Hoy todavía al menos siete estados del país cancelaron las clases de educación en todos los niveles; varias actividades públicas, como espectáculos, partidos de futbol y otras tuvieron que ser canceladas el domingo, y hay varias empresas privadas, como el banco BBVA que anunció el cierre de sus sucursales en la entidad jalisciense para este lunes por razones de seguridad o la UNAM en la CDMX que canceló clases y exámenes en algunas de sus facultades.

Todo eso confirma que sí, los cárteles se enquistaron y empoderaron tanto en varios estados que combatirlos e ir contra sus líderes tiene altos costos, pero al final también hacerlo genera la percepción de que el Gobierno y el Ejército sí tienen la capacidad, apoyados por Estados Unidos, de comenzar el desmantelamiento de las organizaciones criminales que tienen secuestrada la tranquilidad, la seguridad y hasta la economía de los mexicanos.

Y en medio del debate que anoche había en redes sociales, sobre si el operativo de captura y abatimiento del "Mencho" fue sólo obra del Gobierno de México o si participaron militares estadounidenses como los grupos de Navy Seals de la Marina estadounidense que llegaron al país hace dos días a supuestas labores de "capacitación", lo interesante es que, del lado mexicano, el operativo fue totalmente ejecutado y realizado con unidades de élite del Ejército mexicano, bajo la coordinación del secretario García Harfuch.
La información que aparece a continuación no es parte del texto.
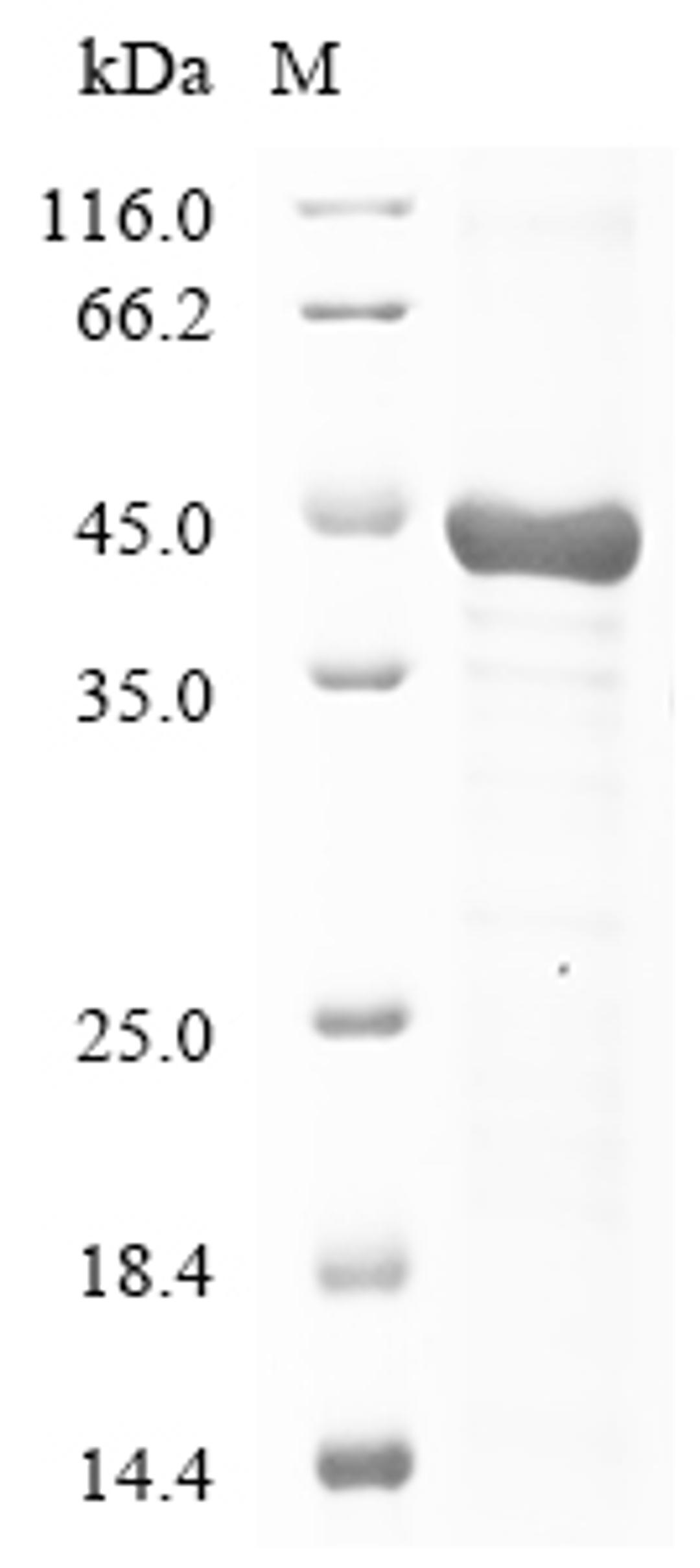 (Tris-Glycine gel) Discontinuous SDS-PAGE (reduced) with 5% enrichment gel and 15% separation gel.
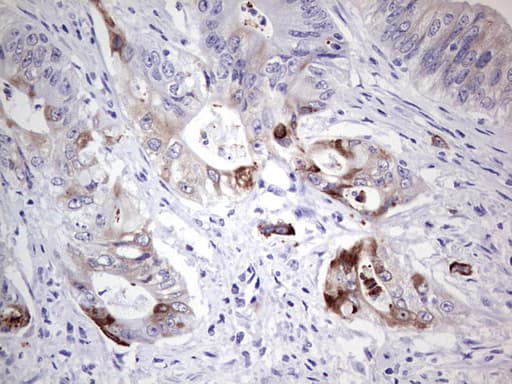LAMB3 / Laminin Beta 3 Antibody (aa424-773, clone OTI2D11)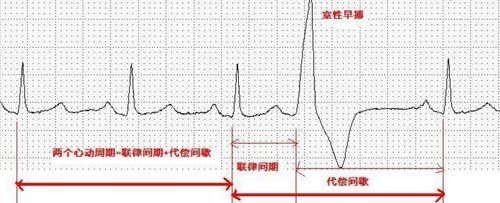 什么是电脉标准（脉电图是啥）-图1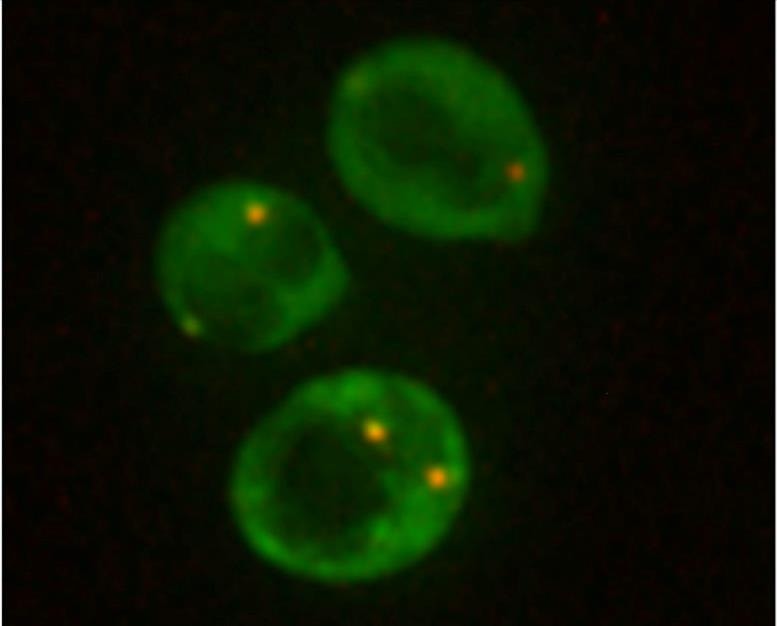 scitechdaily.com-images-_assembly-of-cytoplasmic-rnp-condensates-in-yeast-cells-777x777(1).jpg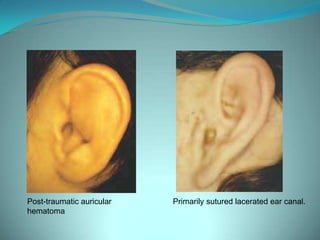 Post-traumatic auricular hematoma        Primarily sutured lacerated ear canal.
Y que el Ejército y la Defensa Nacional hayan sido los que capturaron y abatieron al "Mencho" es un dato importante porque hasta el gobierno de López Obrador el Gobierno y las agencias estadounidenses desconfiaban de los militares mexicanos y preferían siempre utilizar o coordinarse con la Secretaría de Marina en operativos y acciones conjuntas en el territorio mexicano. La participación del Ejército en este caso confirma que también hay un cambio en la forma de coordinarse con Estados Unidos y que finalmente los militares también aceptan el mando civil de García Harfuch.

Así que, ya sea sólo por decisión propia o por atender la presión y las reiteradas peticiones del gobierno de Donald Trump para atacar a los grandes capos que operan en México, la Presidenta finalmente parece haber tomado una decisión con la que empieza a definir su propio gobierno y se aleja de las imposiciones de su antecesor.

Ya se verá si eso la lleva a consolidar su gobierno y su ejercicio del poder y qué tan preparada está su administración para resistir las reacciones y el embate violento de los cárteles que empezarán a ser golpeados en sus principales cabezas, por ahora los capos que los lideran, y tal vez más tarde, ahora sí de la mano de Trump y de su fuerza militar, a las estructuras financieras y, sobre todo, a los narcopolíticos que se asociaron con el crimen para darle protección. Y ahí también veremos si la Presidenta está lista para aguantar la reacción y la presión política desde adentro de su movimiento… Los dados mandan Doble Serpiente. La semana inicia muy complicada.